I can tell him that. People who work very hard and spend years in order to climb to what they regard as the pinnacle of achievement actively resent those who can simply leap up to the peak. And because their knowledge is hard won, they tend to cling to it much more tenaciously than the more intelligent individual who is no more tied to one piece of information than the next. What makes it worse is that they cannot fathom that the more intelligent individuals do not think like they do.

Members of high IQ societies, especially those that require D15IQs above 145, often comment that around this IQ, qualitatively different thinking emerges. By this they mean that the 145+ D15IQ person doesn’t just do the same things, intellectually, as a lower IQ person, just faster and more accurately, but actually engages in fundamentally different intellectual processes.

I’ve been pointing this out for years, if you recall. But because I don’t think like the less intelligent, I am regularly labeled everything from stupid to racist. In my experience, the 150 IQ individual does not resent the individual with the 160 or the 175 IQ, and this may be because being above 145, we all tend to engage in similar thought processes, albeit with different capabilities. The 135 IQ individual dislikes and fears the 150+ individuals, while the 115 IQ individual either doesn’t believe the 150+ individuals exist or blithely insists that they are crazy.

That’s why I despise midwits. You simply can’t talk to them. They don’t even try to understand you, but instead move to disqualify you as fast as they can. I have much more sensible conversations with people in the 75 to 100 range than I do with most in the 105 to 120 range. The 125 to 140 crowd is okay as long as they don’t have an inferiority complex, but when they do, they’re the biggest annoyances of all.

People with D15IQs over 150 are effectively ‘The Excluded’, routinely finding their thoughts to be unconvincing in the public discourse and in productive environments. If placed in a leadership position, they will not succeed.

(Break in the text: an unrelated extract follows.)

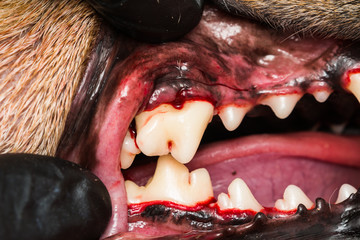 close-u photo of a dog teeth after tartarectomy or dental scalling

Now you know why I have such an allergy to being asked to lead in any way, shape, or form. In any event, this may be one of the more interesting aspects of Brainstorm (a reminder, there are 20 places left for the Wednesday session at 7:30 PM Eastern), as even those who aren’t +3SD or higher are, at least, open in principle to the wild and crazy thoughts being expressed by the higher intelligences. If we can figure out how to best harness a community of High IQ Excluded, we should be able to come up with more than a few interesting projects.